We rented a house that had a low level CO problem. I thought it was the woodburning stove, but it turned out to be a hole drilled in the baseboard of the family room to pass a phone cord to the garage. The hole was near the garage door and everytime you started a car, the lower pressure in the house, due to the furnace or woodburning stove, pulled the CO into the house. Some expanding foam took care of the problem.

turbojimmy
03-07-05, 07:17 PM
Anything above 0 is not good.

Mine never budge off of 0. The only time mine ever moved was when I was goofing around with the GN idling in the garage. The detector in my family room - which at the opposite end of the house - went off. They're VERY sensitive. I wouldn't rest if they said anything other than '0'

EDIT: Now that I think about it, I put one in the garage when I first installed my ventless heater to see what it would say. Never moved off 0.

Jim

Ralph
03-07-05, 07:19 PM
See if he can put in another detector, this one might be defective?

slk230mb
03-07-05, 07:40 PM
Also, if there is new carpet in the apartment the formaldehyde used in the padding could set the CO detector off.

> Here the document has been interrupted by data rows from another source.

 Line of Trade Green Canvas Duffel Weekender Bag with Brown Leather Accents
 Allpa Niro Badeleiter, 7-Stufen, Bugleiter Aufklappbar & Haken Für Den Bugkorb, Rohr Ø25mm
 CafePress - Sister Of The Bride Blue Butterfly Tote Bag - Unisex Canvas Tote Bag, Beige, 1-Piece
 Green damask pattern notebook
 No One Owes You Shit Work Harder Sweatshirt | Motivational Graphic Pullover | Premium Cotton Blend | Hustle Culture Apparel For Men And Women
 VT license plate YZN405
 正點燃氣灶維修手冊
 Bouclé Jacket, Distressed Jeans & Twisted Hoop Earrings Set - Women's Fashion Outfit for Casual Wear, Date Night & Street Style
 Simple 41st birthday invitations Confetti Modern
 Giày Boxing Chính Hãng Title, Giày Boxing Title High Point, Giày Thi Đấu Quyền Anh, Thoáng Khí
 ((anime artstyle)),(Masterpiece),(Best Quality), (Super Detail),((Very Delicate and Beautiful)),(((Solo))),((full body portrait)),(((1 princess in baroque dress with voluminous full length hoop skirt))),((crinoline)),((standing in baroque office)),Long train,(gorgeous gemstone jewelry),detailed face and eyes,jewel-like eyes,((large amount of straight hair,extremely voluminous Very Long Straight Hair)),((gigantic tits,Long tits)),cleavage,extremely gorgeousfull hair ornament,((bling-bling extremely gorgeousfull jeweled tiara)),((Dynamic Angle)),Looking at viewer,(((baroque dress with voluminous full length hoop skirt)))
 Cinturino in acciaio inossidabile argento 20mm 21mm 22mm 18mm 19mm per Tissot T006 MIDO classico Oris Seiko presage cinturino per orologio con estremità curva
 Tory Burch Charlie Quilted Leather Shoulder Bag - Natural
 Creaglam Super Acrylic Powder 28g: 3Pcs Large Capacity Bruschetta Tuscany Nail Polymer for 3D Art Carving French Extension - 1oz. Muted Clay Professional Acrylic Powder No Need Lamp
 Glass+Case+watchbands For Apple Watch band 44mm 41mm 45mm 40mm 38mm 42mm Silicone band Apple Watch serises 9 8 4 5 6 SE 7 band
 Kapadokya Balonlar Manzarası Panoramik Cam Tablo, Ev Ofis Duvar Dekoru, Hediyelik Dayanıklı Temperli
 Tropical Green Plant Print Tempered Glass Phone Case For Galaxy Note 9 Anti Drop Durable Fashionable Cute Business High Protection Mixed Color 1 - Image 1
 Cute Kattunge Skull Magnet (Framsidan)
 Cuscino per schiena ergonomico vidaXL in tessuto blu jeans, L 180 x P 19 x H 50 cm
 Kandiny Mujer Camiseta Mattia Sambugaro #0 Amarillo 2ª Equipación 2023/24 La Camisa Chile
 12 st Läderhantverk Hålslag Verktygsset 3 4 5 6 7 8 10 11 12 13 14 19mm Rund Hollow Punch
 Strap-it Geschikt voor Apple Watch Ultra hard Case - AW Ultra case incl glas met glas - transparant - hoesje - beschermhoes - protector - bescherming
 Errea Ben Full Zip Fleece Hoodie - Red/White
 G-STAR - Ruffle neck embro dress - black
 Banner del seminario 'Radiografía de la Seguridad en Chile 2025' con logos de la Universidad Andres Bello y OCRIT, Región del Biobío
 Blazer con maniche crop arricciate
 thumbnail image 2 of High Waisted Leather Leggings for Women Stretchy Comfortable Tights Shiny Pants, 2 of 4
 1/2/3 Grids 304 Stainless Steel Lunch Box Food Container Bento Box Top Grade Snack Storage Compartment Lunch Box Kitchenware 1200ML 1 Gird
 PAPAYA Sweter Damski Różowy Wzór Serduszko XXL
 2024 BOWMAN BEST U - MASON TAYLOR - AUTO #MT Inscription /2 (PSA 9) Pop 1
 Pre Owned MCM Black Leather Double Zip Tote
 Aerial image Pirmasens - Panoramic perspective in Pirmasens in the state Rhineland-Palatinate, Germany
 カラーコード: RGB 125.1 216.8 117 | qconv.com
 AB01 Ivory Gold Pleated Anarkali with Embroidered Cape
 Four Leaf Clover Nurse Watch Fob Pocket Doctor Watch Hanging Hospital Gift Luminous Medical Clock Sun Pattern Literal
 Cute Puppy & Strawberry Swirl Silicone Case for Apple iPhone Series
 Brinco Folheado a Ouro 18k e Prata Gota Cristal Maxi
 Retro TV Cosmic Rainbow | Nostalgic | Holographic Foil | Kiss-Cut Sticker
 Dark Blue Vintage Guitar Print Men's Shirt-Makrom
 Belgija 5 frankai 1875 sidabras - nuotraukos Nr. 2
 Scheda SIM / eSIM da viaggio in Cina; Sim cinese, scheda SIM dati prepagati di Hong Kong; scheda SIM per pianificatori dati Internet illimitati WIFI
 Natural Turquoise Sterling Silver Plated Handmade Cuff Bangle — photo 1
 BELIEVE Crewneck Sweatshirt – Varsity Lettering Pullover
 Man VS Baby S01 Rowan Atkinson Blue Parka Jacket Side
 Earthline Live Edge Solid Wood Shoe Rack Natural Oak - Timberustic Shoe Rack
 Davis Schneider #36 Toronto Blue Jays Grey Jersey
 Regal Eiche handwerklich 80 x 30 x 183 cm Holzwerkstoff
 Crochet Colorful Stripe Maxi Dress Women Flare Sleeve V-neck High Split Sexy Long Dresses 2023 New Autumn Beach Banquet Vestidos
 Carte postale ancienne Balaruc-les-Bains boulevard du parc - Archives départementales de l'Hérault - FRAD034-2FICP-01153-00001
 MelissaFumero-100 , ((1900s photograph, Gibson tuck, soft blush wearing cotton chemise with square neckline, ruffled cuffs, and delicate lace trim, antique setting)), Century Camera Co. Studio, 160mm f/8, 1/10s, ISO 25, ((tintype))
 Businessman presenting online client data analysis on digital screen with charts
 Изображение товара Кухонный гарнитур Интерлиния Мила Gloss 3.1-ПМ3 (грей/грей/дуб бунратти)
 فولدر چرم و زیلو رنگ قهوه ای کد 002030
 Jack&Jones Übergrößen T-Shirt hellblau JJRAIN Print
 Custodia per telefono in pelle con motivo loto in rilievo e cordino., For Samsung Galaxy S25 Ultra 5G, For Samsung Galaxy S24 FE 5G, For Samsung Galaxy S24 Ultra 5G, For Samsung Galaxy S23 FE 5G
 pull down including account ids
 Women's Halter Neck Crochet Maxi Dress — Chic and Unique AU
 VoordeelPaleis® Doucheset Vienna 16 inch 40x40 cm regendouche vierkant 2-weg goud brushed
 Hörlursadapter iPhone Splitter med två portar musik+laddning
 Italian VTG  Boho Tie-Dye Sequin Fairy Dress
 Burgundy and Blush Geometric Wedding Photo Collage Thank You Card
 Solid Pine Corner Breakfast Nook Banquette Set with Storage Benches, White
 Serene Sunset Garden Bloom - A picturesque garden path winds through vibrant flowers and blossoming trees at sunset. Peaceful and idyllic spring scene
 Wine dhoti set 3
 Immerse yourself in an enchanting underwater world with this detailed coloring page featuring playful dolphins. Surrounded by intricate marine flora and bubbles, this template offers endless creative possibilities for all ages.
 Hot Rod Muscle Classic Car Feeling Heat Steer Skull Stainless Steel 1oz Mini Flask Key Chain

It happened to us after we changed the carpet in the den next to the garage. The CO detector never once went off with starting the car in the garage, 20 minutes with the new carpet and it was going off.

Playdrv4me
03-07-05, 09:34 PM
Ralph hit the nail on the head. She replaced it with TWO other ones, a non display one and another identical display one. I found out tonight shed had the first one for a while. Sure enough I come in tonight and find them both plugged in on either side of the heater, the old one is up to its old tricks, reading about 36, and the new one hasnt budged off of 0.

Rolex
03-07-05, 09:43 PM
50 parts per million (ppm) - Safety level as specified by the Health and Safety Executive

200 PPM - Slight headache within 2-3 hours

400 PPM - Frontal headache within 1-2 hours, becoming widespread in 3 hours

800 PPM - Dizziness, nausea, convulsions within 45 minutes, insensible in 2 hours



It's odorless and colorless, and great at killing you doornail dead. Use you CO detector in good health. :)

Playdrv4me
03-07-05, 10:10 PM
Oh crap...

31 again on the new one... somethin is definitely up in here. Furnace is goin off for tonight if I can stand it.

Heres the thing, today was a relatively warm day and the thing hasnt been on all day. Im beginning to think its not the Furnace but something else... Then again maybe its just im watching that freaky forensic files show.

Vesicant
03-07-05, 10:22 PM
Hmm.

Kev
03-07-05, 10:42 PM
Listen, I don't know how new or updated your home is but here are some things that everyone needs to consider.
If you have fuel burning appliances in your home and you (or someone else) have faithfully and fastidiously sealed everything with caulking or weather strpping you have to make sure that your home gets the proper amount of air changes per hour including fresh air intake (or replacement). If you are not replacing the air you could very easily set off CO2 detectors and create an unhealthy living condition for yourselves and your families.
You need to make sure that fireplaces, wood burning stoves, gas ovens - ranges - heaters are all properly vented. If you have a central heating system, you need to check for a fresh air source into the return air duct. Older houses were not as air tight as they are today and consequently there was little concern for fresh air duct connections as the fresh air came in through leaks in windows and doors.

Kev
03-07-05, 11:04 PM
I used to have a chart of recommended air change values for various ocupied space venues, I'm not sure if I still have it but will gladly look for it if anyone is interested.

Ralph
03-07-05, 11:08 PM
Ralph hit the nail on the head. She replaced it with TWO other ones, a non display one and another identical display one. I found out tonight shed had the first one for a while. Sure enough I come in tonight and find them both plugged in on either side of the heater, the old one is up to its old tricks, reading about 36, and the new one hasnt budged off of 0.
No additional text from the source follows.